In Acts chapter nine we read about Peter and his travels. He visits believers throughout Israel to encourage them, pray with them, and in one case raise them from the dead. He is on a high in his ministry. He is a rock star of sorts, traveling and in demand. He is requested in Joppa where he stays with Simon the tanner. While he is there, God is moving in the heart of another man, Cornelius the Centurion. Acts chapter ten opens with Cornelius in prayer and a visit from an angel. The interaction between Cornelius and Peter provides a number of valuable lessons for us.

1. God initiates the spread of the gospel.

One day at about three in the afternoon he [Cornelius] had a vision. He distinctly saw an angel of God, who came to him and said, “Cornelius!”
Acts 10:3

This angel directs Cornelius to send for Peter who is in Joppa staying at Simon the tanner's house. God's directive begins a shift in focus for the early church - from Jewish/Jerusalem focused to Gentile/world focused. Cornelius obeys and sends for Peter.

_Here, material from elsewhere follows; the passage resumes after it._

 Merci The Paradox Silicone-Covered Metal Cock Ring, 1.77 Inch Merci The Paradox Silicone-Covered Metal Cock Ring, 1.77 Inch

2. New covenant, new rules. 

He saw heaven opened and something like a large sheet being let down to earth by its four corners. It contained all kinds of four-footed animals, as well as reptiles and birds. Then a voice told him, “Get up, Peter. Kill and eat.” 
Acts 10:11-13

Meanwhile back at the tanner's house...

Peter is tired and goes to lay down as he waits for supper to be prepared. While he is laying there he enters a trance and is challenged with a vision from heaven of previously "impure or unclean" animals to eat. The animals are presented on a sheet that is lowered into Peter's view from heaven. The voice from heaven tells Peter to not be so quick to judge these things as unclean, and that since God created them, they are now permissible. God is preparing Peter for a paradigm shift in his theology. The vision concludes with verification that he is to travel with the men coming to invite him to visit Cornelius. 

3. God can use even our reluctant obedience. 

You are well aware that it is against our law for a Jew to associate with or visit a Gentile. But God has shown me that I should not call anyone impure or unclean. So when I was sent for, I came without raising any objection. 
Acts 10:28-29

Peter, filled with some sense of self importance perhaps, and a sense of Jewish superiority in spiritual matters, reluctantly visits at the home of this Gentile. He announces this to the people waiting for him at the house of Cornelius. In this exchange, where Cornelius explains why he called for Peter, a directive from an angel, Cornelius is expectant of a word from God. Cornelius is so confident, that it says he called all of his household to hear from Peter.  These two men could not be more different. One, a Jewish fisherman, the other a trained and cultured Roman Italian Centurion. But it is the Roman, the pagan, the gentile, that is expectant of God and what He will do. The apostle, the follower, Peter, is reluctant to come and has apparently little to no expectations for the exchange. 

4. Peter realizes that the gospel of Jesus is for everyone. 

Then Peter began to speak: “I now realize how true it is that God does not show favoritism but accepts from every nation the one who fears him and does what is right. 
Acts 10:34-35

Peter is humbled. It's not the first time. Sure not to be the last. His eyes are opened to the thing that God was showing him at the house in Joppa with the sheet and the directive to not call things (or people groups) unclean. It changes the game so to speak. Peter, a disciple of Jesus and founding father of the church is breaking new ground with this visit. 


Takeaway From Today

We must be prepared to accept others who are different into the church. 

We will interact with people that are similar to us. We will interact with people who are vastly different. In all, we will have to learn that the church is not for just us "saved" people, but for the broken, socially challenged, culturally different lost people of the world. We must be open to the idea that not everyone in the church or in heaven will act, look, and be like us. God is a god of diversity (look at nature), and his church will be too.